Taibang Keithel (English: Living Market) is a 2018 comedy Manipuri film written and directed by Satyajit BK and produced by Miltan Langonjam, under the banner of Soraren Films. It stars Khwairakpam Bishwamittra in the lead role. The movie was premiered at Manipur State Film Development Society (MSFDS), Palace Compound, on 9 September 2018.
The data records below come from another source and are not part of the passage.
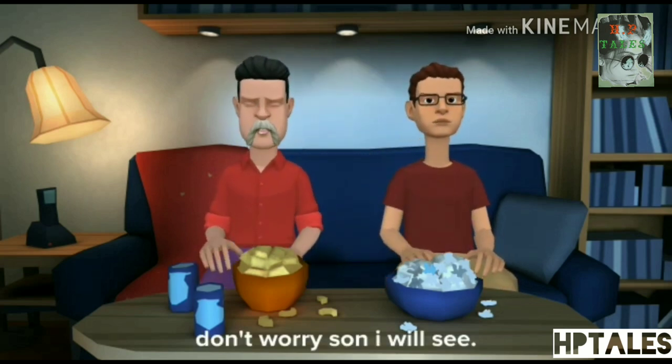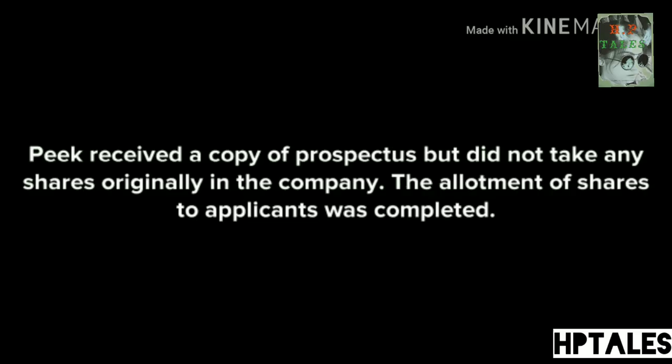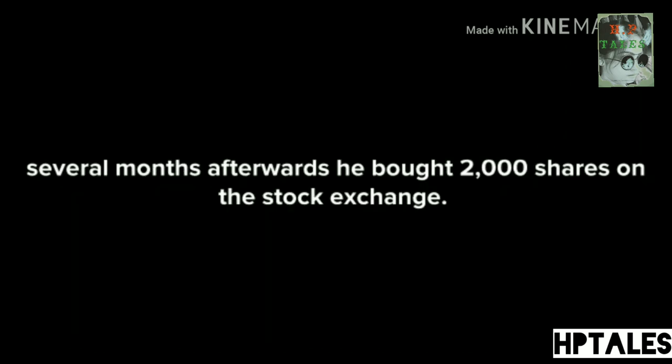Peak received a copy of the prospectus but did not take any shares originally in the company. The allotment of shares to applicants was completed several months afterwards. He then bought 2,000 shares on the stock exchange.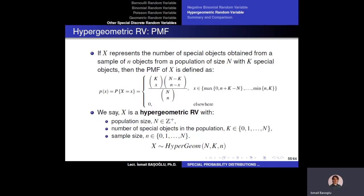We have actually calculated probabilities about hypergeometric random variables previously without naming them as such. We used combination formulations to calculate hypergeometric probabilities. So let's say x is the number of special objects obtained from a sample of n objects from a population of size N with k special objects.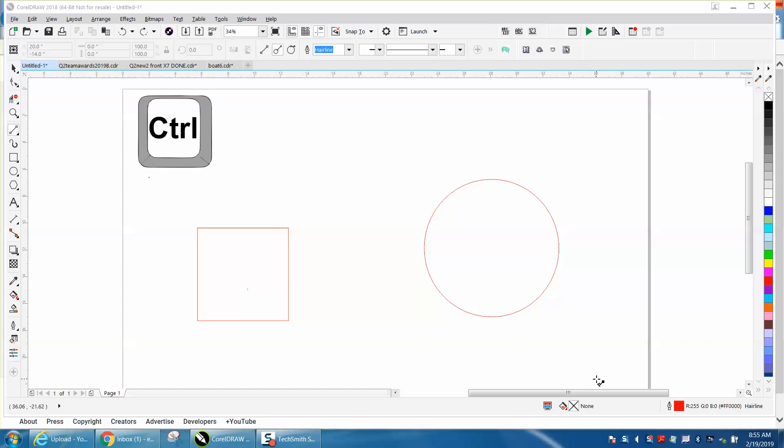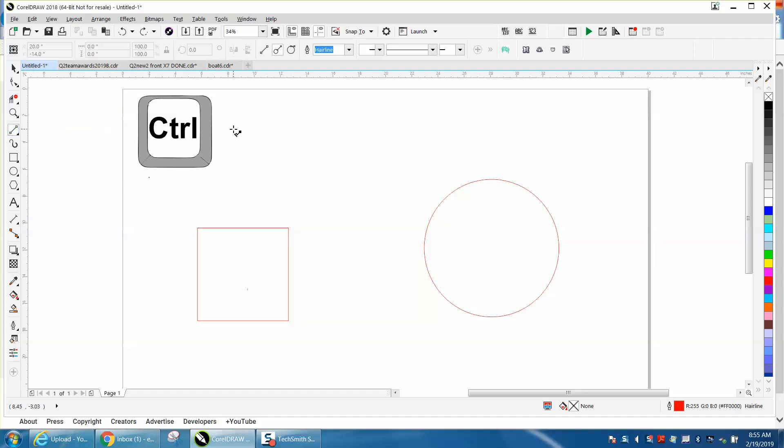Hi, it's me again with CorelDraw Tips and Tricks, and the video today is going to be about drawing with a two-point line and some other little options you might not be aware of.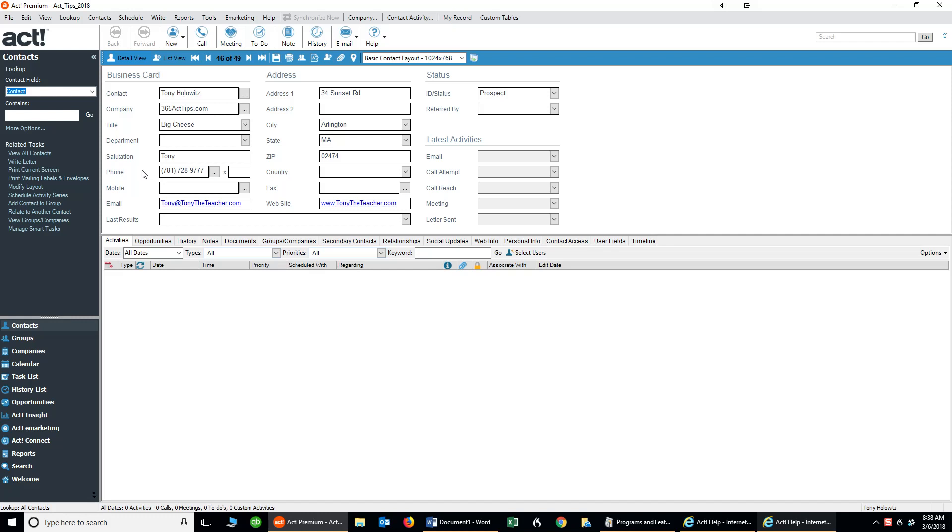Hi ladies and gentlemen, this is Tony Hollowitz and I want to thank you for being here for this AXE software tip. In this tip, we're going to talk about changing some of the font sizes for entering notes.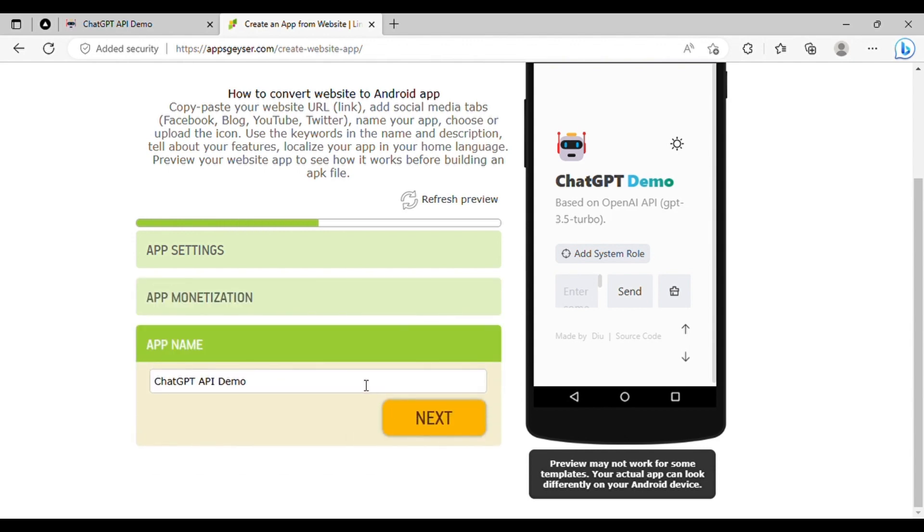You will then be prompted to provide an app name. Choose the name you want and click Next.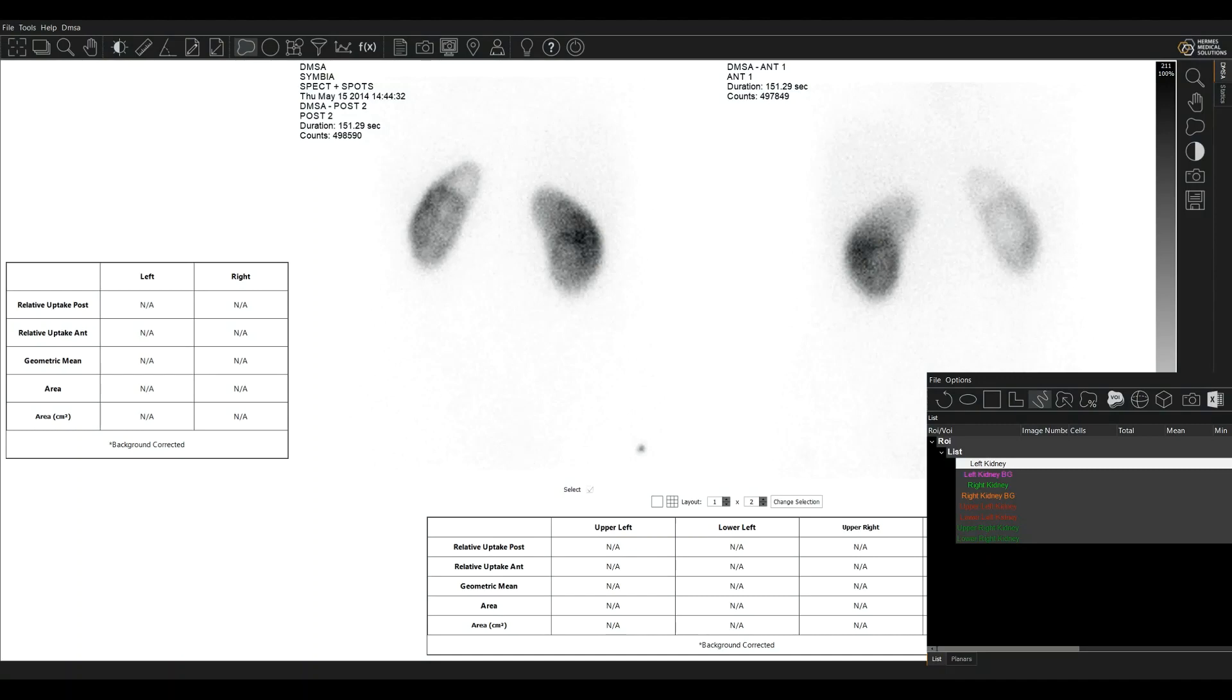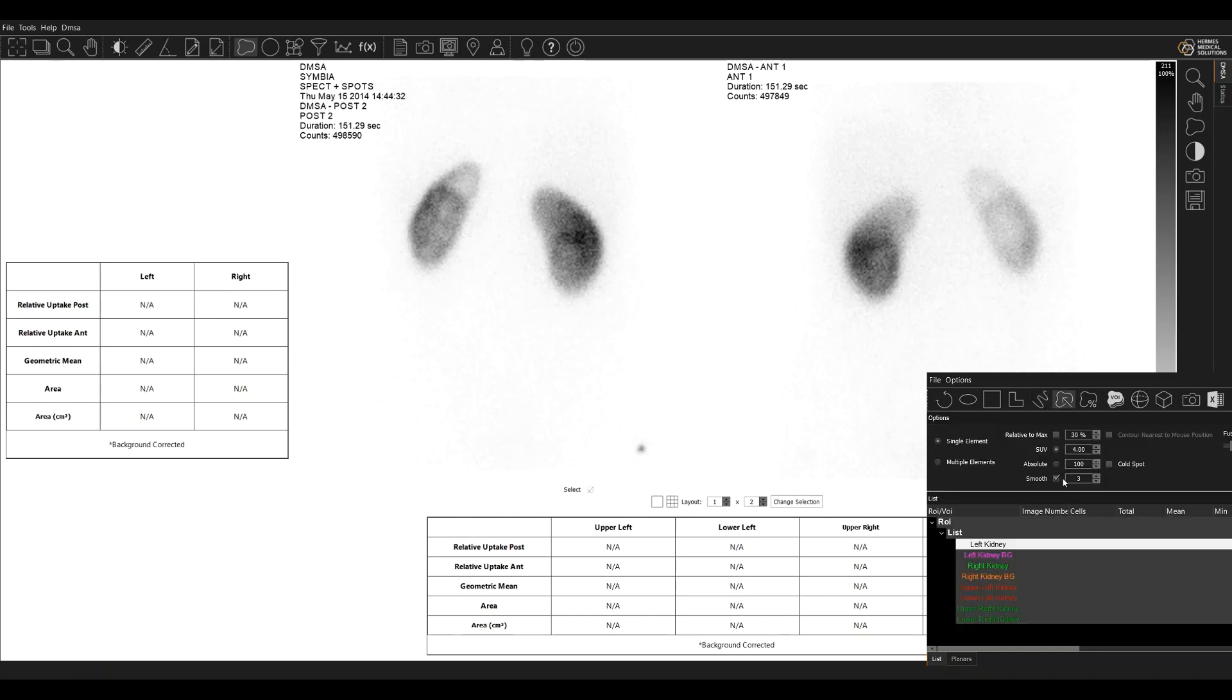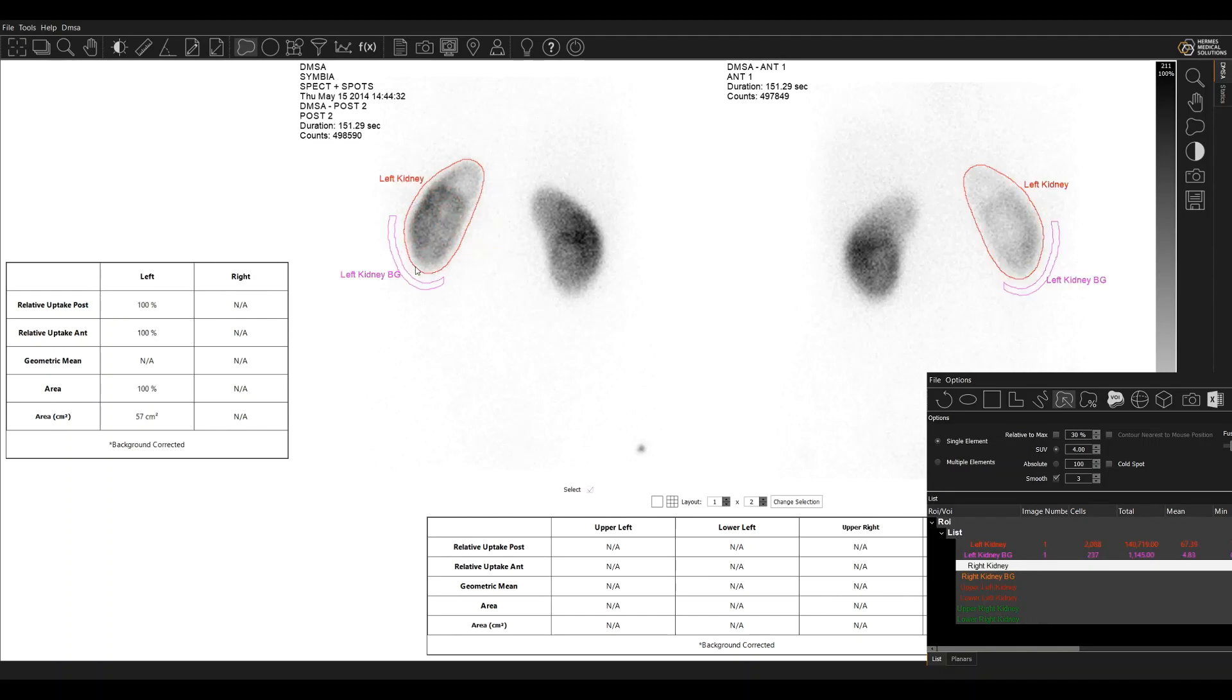We have loaded here an anterior and posterior DMSA scan. I'm going to start by drawing the left kidney. I'm going to use a seed ROI tool for that. So you click in a hot area and just drag to the edge and this left kidney region is made for you like this.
The film was released by Amitra Video in DVD on 4 March 2020.

==Cast==
- Khwairakpam Bishwamittra as Ahanjao
- Bobo Ningthoukhongjam as Koireng
- Gurumayum Priyogopal as Lukhoi
- Idhou as Achou
- Prem Sharma as Ningthembi
- Ibomcha as Tomei
- Ratan Lai
- Mahanta
- Nunglen Luwang
- Chandrasing
- Bonendro
- Deepak Mutum
- Rajpritam
- Barun

==Accolades==
Khwairakpam Bishwamittra won the Best Actor in a Leading Role at the 12th Manipur State Film Awards 2019.

| Award | Category | Winner's name | Result |
| 12th Manipur State Film Awards 2019 | Best Actor in a Leading Role - Male | Khwairakpam Bishwamittra | Won |
| Special Jury Mention | Chakpram Rameshchandra (Idhou) | Won |
| Best Music Director | Tenao HD | Nominated |
| 8th SSS MANIFA 2019 | Best Cinematography | Sanjoy Ch. | Nominated |

==Music==
Tenao HD composed the soundtrack for the film and Satyajit BK wrote the lyrics. The song is titled Taibang Keithel Karakpani.